Depends on where you own. My GPR affiliates include the taxes on the MF bill. Others have been billed by the state.


----------



## MikeinSoCal (Aug 25, 2016)

My tax guy told me that I can deduct the property tax.  :hysterical:


----------



## presley (Aug 25, 2016)

MikeinSoCal said:


> My tax guy told me that I can deduct the property tax.  :hysterical:


I am able to deduct the property tax for my California timeshares on my state income tax. I cannot do that with the timeshares that are not in my home state.


----------



## phil1ben (Aug 25, 2016)

Normally property taxes are billed directly to HGVC as the property manager. You will then pay your pro-rata share when you pay your yearly maintenance fee. There is a line item on the bill for real estate taxes.


----------



## Shmiddy (Aug 25, 2016)

presley said:


> I am able to deduct the property tax for my California timeshares on my state income tax. I cannot do that with the timeshares that are not in my home state.

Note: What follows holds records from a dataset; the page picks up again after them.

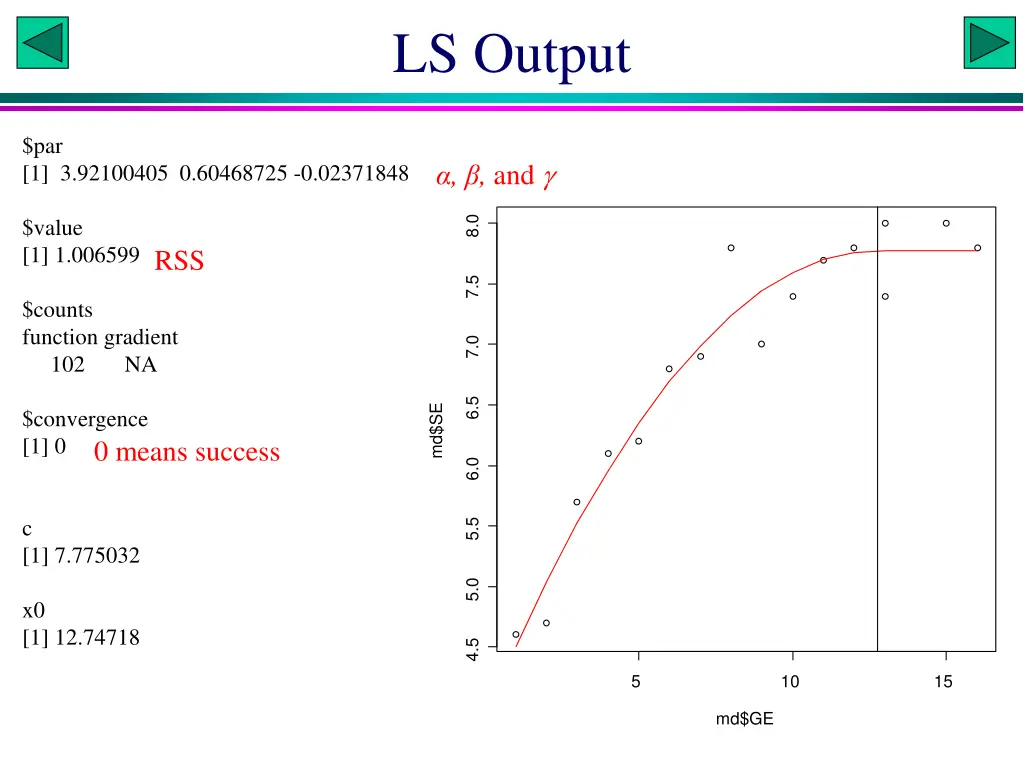 ls output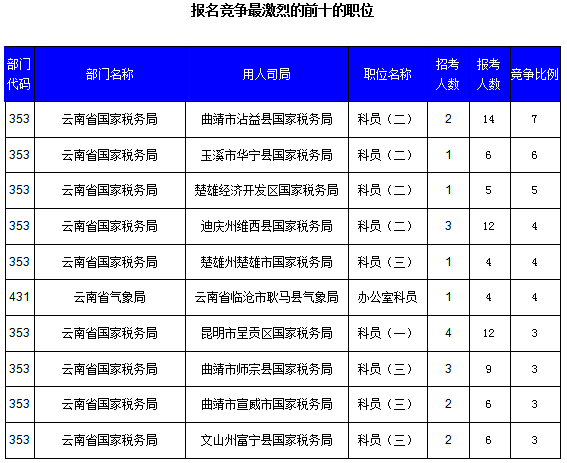 云南公务员考试人口诅咒_云南公务员考试照片(3)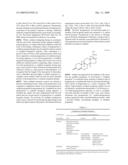 METHODS FOR THE TREATMENT OF A TRAUMATIC CENTRAL NERVOUS SYSTEM INJURY diagram and image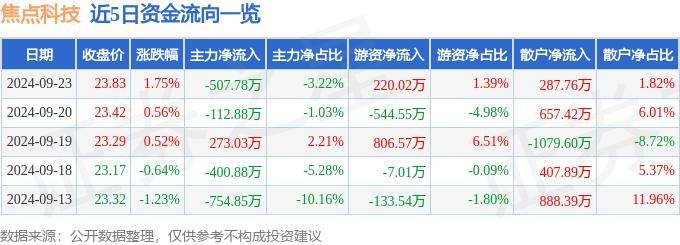 股票行情快报：焦点科技（002315）9月23日主力资金净卖出507.78万元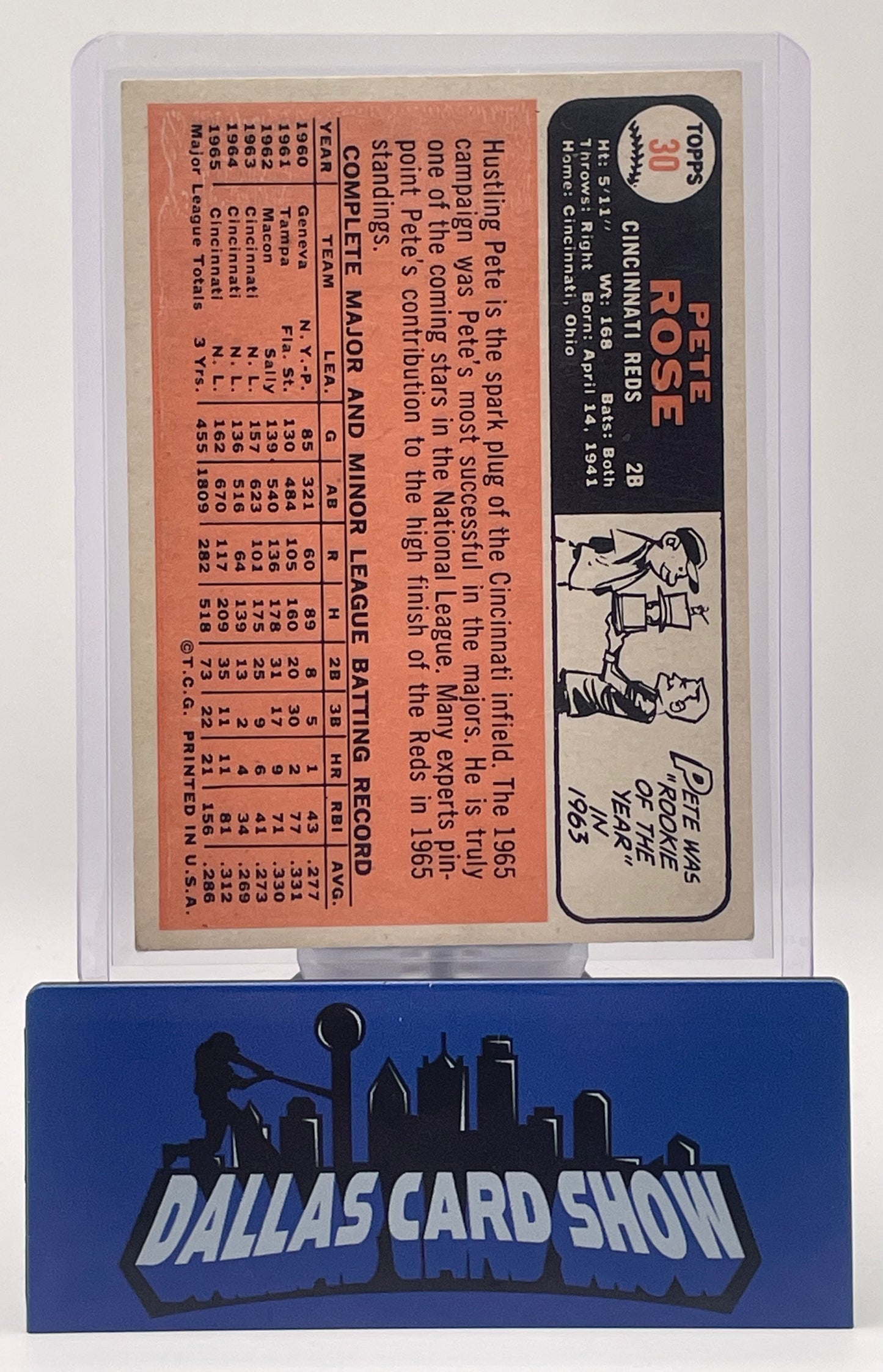 1966 Topps Pete Rose #30 Poor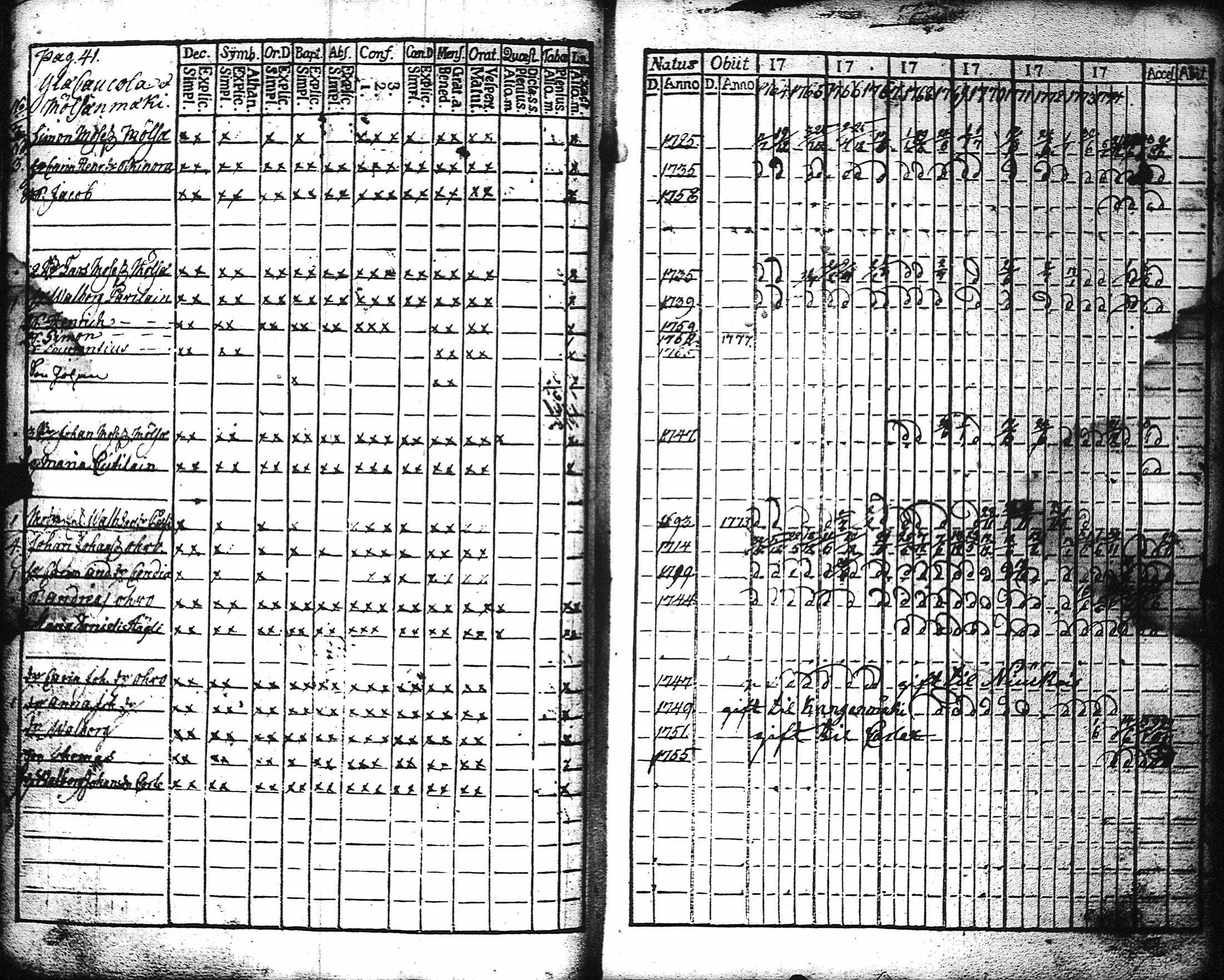 [ ../kirjat/Kirkonkirjat/kaukola/rippikirja_1764-1777_uk555/kuvat/44.jpg ]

The property tax portion is fairly small - mine is less than $75.


----------



## dvc_john (Aug 25, 2016)

For my FL, HI, NV, and SC timeshares, the real estate taxes are billed as an itemized line on the maintenance fee bill.

For my CA timeshare, the real estate taxes are billed directly by the county and paid directly to the county.


----------